Die Beziehung zur Lieblingsband ist wohl bei den meisten Menschen eine Art Hassliebe. Jeder Fan meint besser zu wissen als die Musiker selbst, wie ihre Songs klingen müssen, wieso das Album nicht funktioniert oder welches Stück die bessere erste Single wäre. Ich nehme mich da nicht aus, doch interessanterweise lässt sich meine Begeisterung für Depeche Mode recht präzise in zwei Phasen unterteilen.

Die erste begann 2001 mit dem Album „Exciter“. Für die Band ein Comeback, für mich der Erstkontakt. In den Folgejahren arbeitete ich mich durch alle vorherigen Alben, sammelte wie eine Besessene Remixe und seltene B-Seiten, und las mir alles an, was es über die Band zu erfahren gab. Die zweite Phase begann grob um 2005 herum. „Playing the Angel“ war in seiner Beliebigkeit noch einigermaßen zu verkraften, doch die nachfolgenden Alben waren für mich persönlich eine Katastrophe. Und es lag gar nicht so sehr daran, dass die Musik schlechter wurde, sie hörte nur irgendwie auf, neu und originell zu sein.

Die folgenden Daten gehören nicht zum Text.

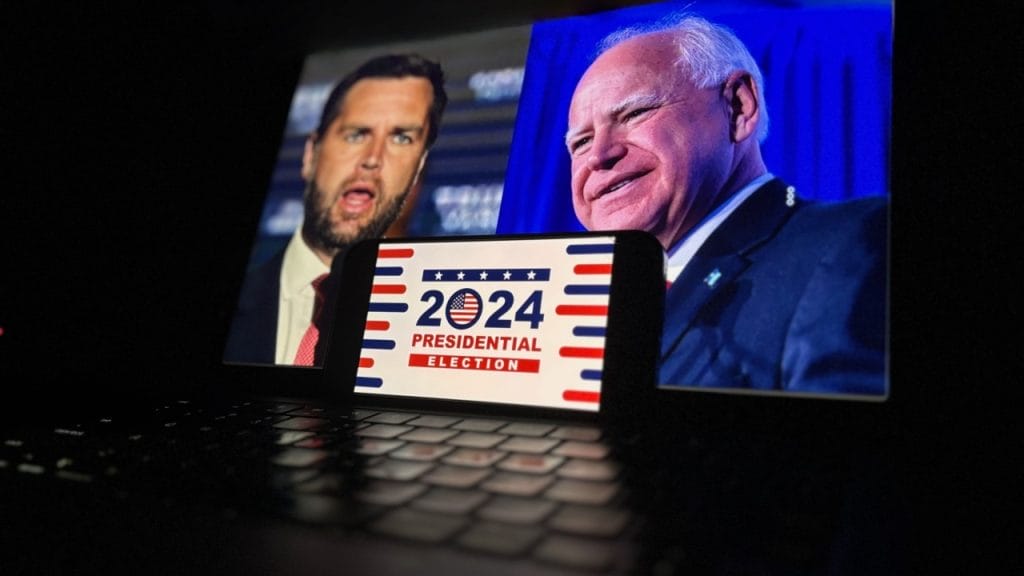Presidentinvaalit 2024 näkivät ehkä viimeisen väittelynsä keskiviikon vastaisena yönä, kun varapresidenttiehdokkaat JD Vance ja Tim Walz kohtasivat.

Vorhang auf für „Memento mori“, ein Album, das im Vorfeld natürlich stark vom Tode Andy Fletchers überschattet wurde. Ich war indifferent, um es mal diplomatisch zu formulieren. Die erste Singleauskopplung war okay, riss mich aber nicht vom Hocker. Also entschloss ich mich erstmals in meiner Fangeschichte dafür, nicht die super duper exklusive Deluxe-Edition zu kaufen, sondern bestellte ganz banal die Standard-CD für 20 Euro. (Im billigen Pappschuber scheinen sie indes beide zu stecken, es macht also keinen großen Unterschied. Insgesamt bedaure ich als Musikliebhaber diese Entwicklung sehr.)

Das Überraschendste an dem Album: Es klingt gut. Also, so richtig. Plötzlich scheint jeder einzelne Song wieder seine Berechtigung zu haben, aufs erste, zweite und selbst dritte Hören gibt es diesmal kein lästiges Füllmaterial. Nicht jeder Song zündet sofort, aber auch das ist unerwartet normal, denn manchmal brauchen Depeche-Mode-Songs eben eine Weile. Eine gewisse Affinität zu 80er-Jahre-Klängen lässt sich „Memento mori“ übrigens nicht absprechen, vielleicht fühle ich mich auch deshalb so wohl darin, aber es wirkt nicht aufgewärmt, sondern eher wie eine organische Weiterentwicklung.

Einen klaren Lieblingssong kann ich nach so kurzer Zeit noch nicht benennen, zumal dieser erste Eindruck ohnehin allein auf dem Sound basiert. Es ist nicht ausgeschlossen, dass sich mir andere Songs erst öffnen, wenn ich mich mit ihrer Aussage befasse. Immerhin gab es die letzten Jahre genug Krisen, an denen sich Martin Gore genüsslich abarbeiten konnte. Festzuhalten bleibt aber, dass gerade der Mittelteil von „My favourite Stranger“ über „Caroline’s Monkey“ bis zu „People are good“ extrem stark ist. Hier steckt viel Ohrwurm-Potenzial!

Übrigens, ich hab natürlich gelogen, mein erster Lieblingssong auf jedem Depeche-Mode-Album ist seit jeher zielsicher der, den Martin singt. Kann man es mir verdenken?